Noted author and historian Stephanie Coontz will trace the surprising developments in the history of marriage in a public lecture, “Courting Trouble? The World Historic Transformation of Love and Marriage” at 5 p.m. Tuesday, Feb. 20 in White Hall, Room 206. The event is sponsored by Emory University’s Center for Myth and Ritual in American Life.

Marriage has changed more in the past 35 years than the previous 3,500 years, according to Coontz. As individuals and as a society, she says, we are still trying to sort out the consequences of these changes and how to cope with them.
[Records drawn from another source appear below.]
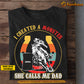 Funny Personalized Barrel Racing Dad Daughter T-shirt, I Created A Monster She Calls Me Dad Sport Tees Father's Day Gift For Barrel Racing Lovers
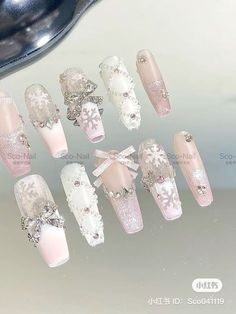 Winter Coquette Nails, Coquette Winter Nails, Babydoll Nails, Long Nails Winter, Winter Nails Long, Balletcore Nails, Dolly Nails, Soft Girl Nails, Pink Coquette Nails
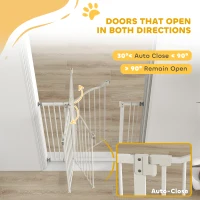 PawHut Extra Tall Dog Gate with Door, Pressure Fit, Auto Close, Double Locking for Doorways Hallways Stairs, 29"-39", White(m-5)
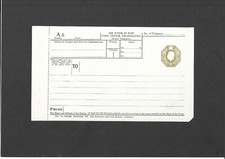 Papelaria postal GB 1920 KGV 1s marrom oliva formato telégrafo interior tamanho c TP24d comprar usado  Enviando para Brazil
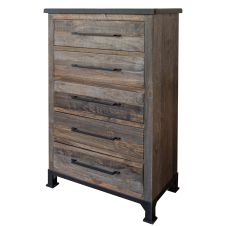 Antique Gray 5 Drawer Barnwood Chest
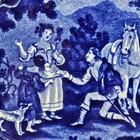 La4 Historical Blue Staffordshire Don Quixote Tureen Tray Teresa Pansa Messenger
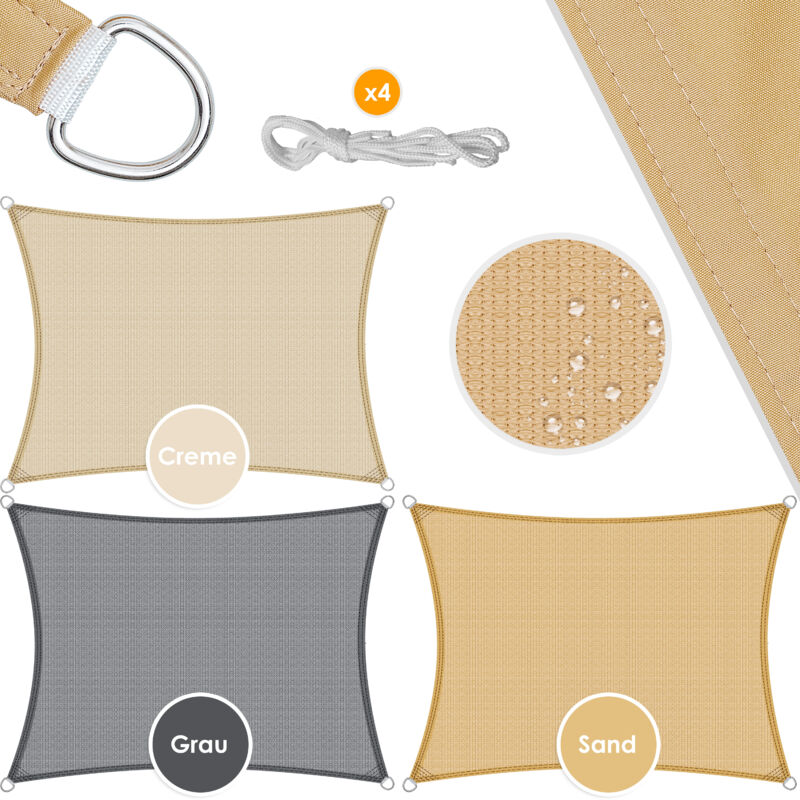 foto del prodotto kesser - vela parasole protezione dal vento tessuto hdpe idrorepellente e antivento 5 pieghe a punto croce fornitore di ombra robusta e stabile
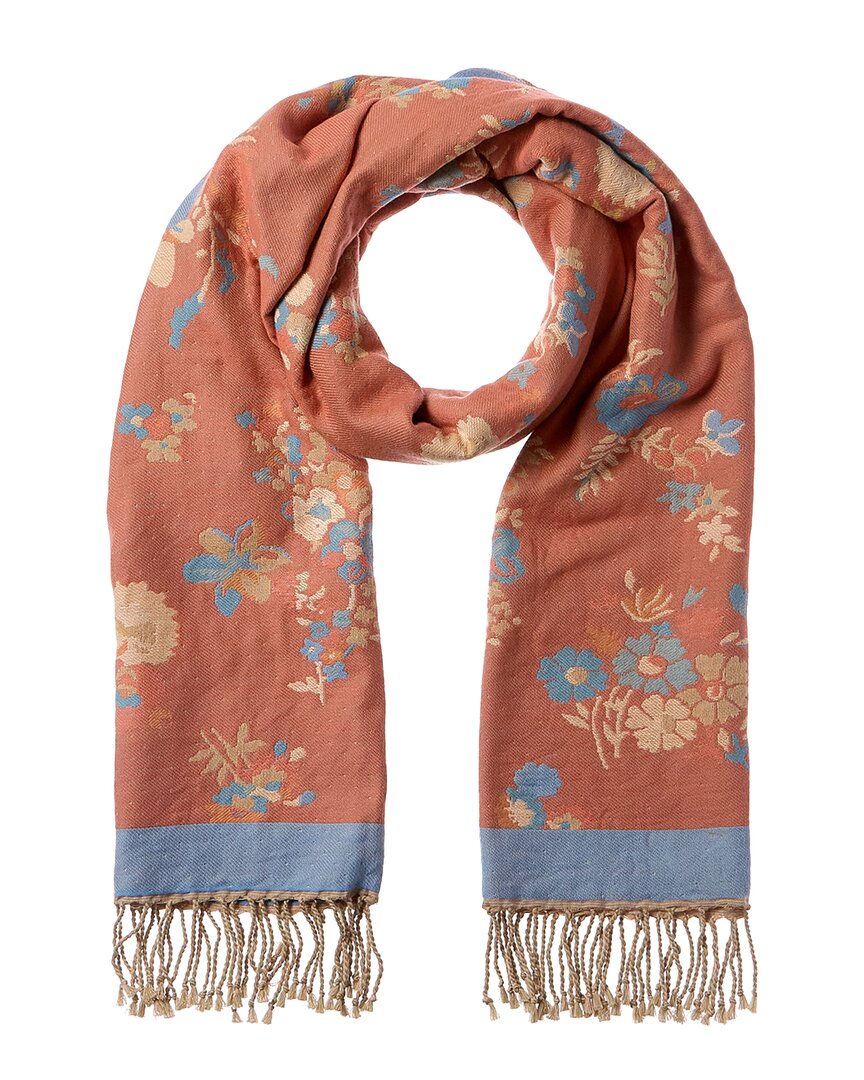 Saachi Fiore Pastel Reversible Scarf In Pink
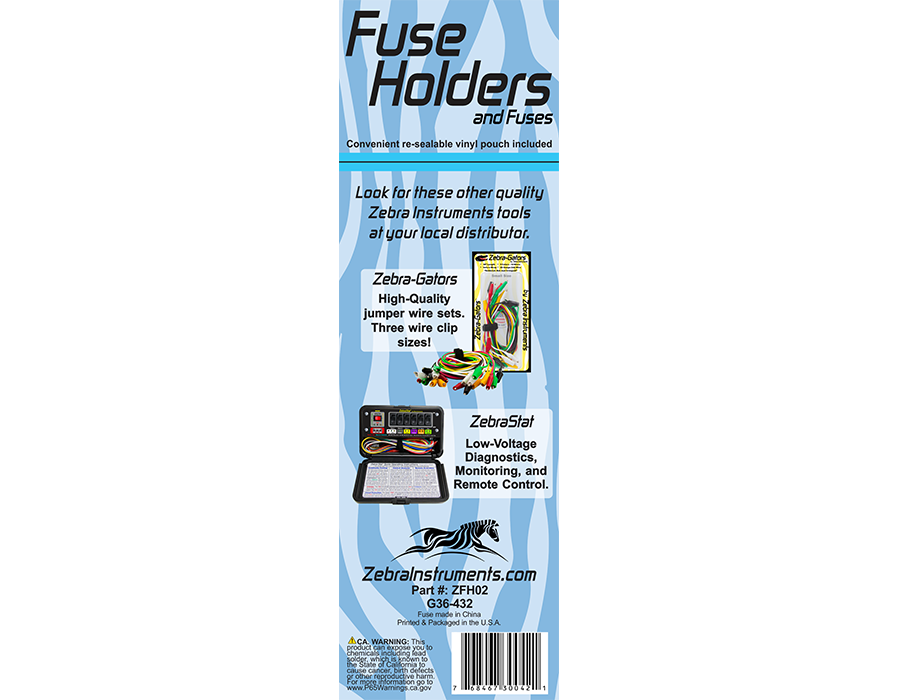 ZFH02 - Fuse Holders & Fuses - 4 Pack - Medium-Duty (15A) Standard Size Glass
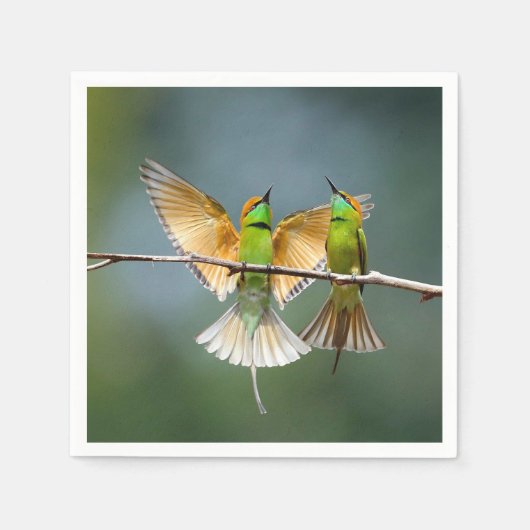 Serviette En Papier Oiseaux verts s'éternisent dans les arbres Photogr (Devant)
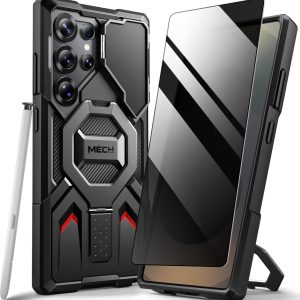 TONGATE Magnetic for Samsung Galaxy S25 Ultra Case with Privacy Screen Protector, [Compatible with MagSafe][Camera Protective Cover][Military-Grade Protection] Ring Stand Phone Case S25 Ultra, Black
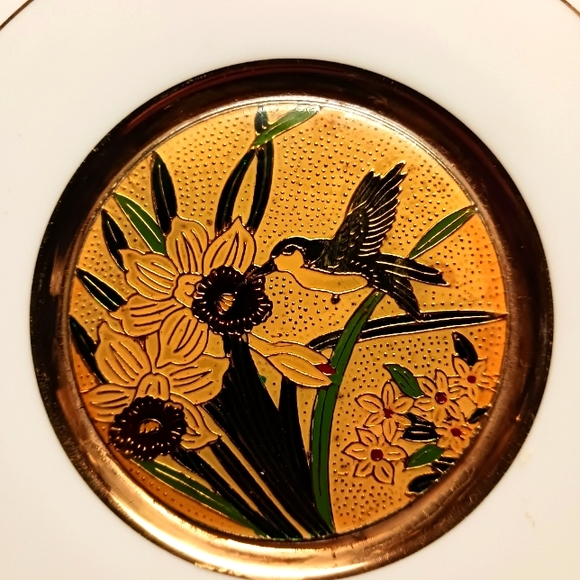 The Art of Cloisonne 24k Gold Edged Vintage saucer - Picture 2 of 3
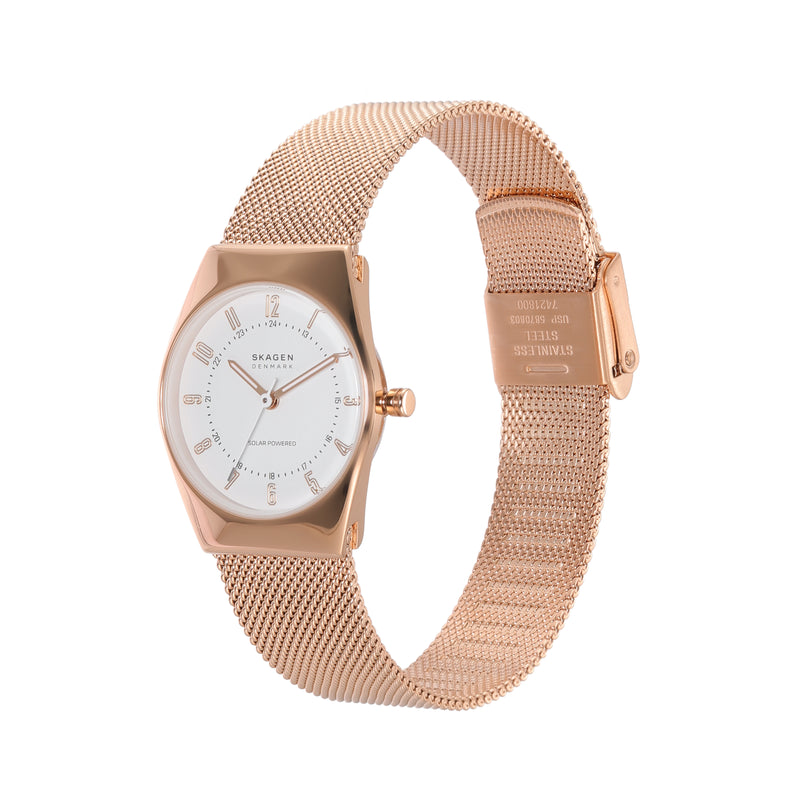 Skagen Grenen Lille 太阳能生态玫瑰金不锈钢网状手表 SKW3078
For thousands of years, marriage was not about love and mutual respect but about property, power and male dominance. It was only 200 years ago that love began to be central to the definition of marriage, and only 100 years ago that the long march to equality between men and women began, she says. Today, says Coontz, marriage has become fairer and more fulfilling than in the past, but also more optional and fragile.

Coontz teaches history and family studies at Evergreen State College in Olympia, Wash., and is director of research and public education for the Council on Contemporary Families, which she chaired from 2001 to 2004. She is the author of “Marriage, a History: From Obedience to Intimacy or How Love Conquered Marriage;” “The Way We Never Were: American Families and the Nostalgia Trap;” “The Way We Really Are: Coming to Terms with America’s Changing Families;” and “The Social Origins of Private Life: A History of American Families.” She also edited “American Families: A Multicultural Reader.” Her work has been translated into French, Spanish, German and Japanese.

The MARIAL Center is funded by the Alfred P. Sloan Foundation, one of five Sloan Centers on Working Families. The Emory center focuses its research on the functions and significance of ritual and myth in middle-class families in which both parents work outside the home.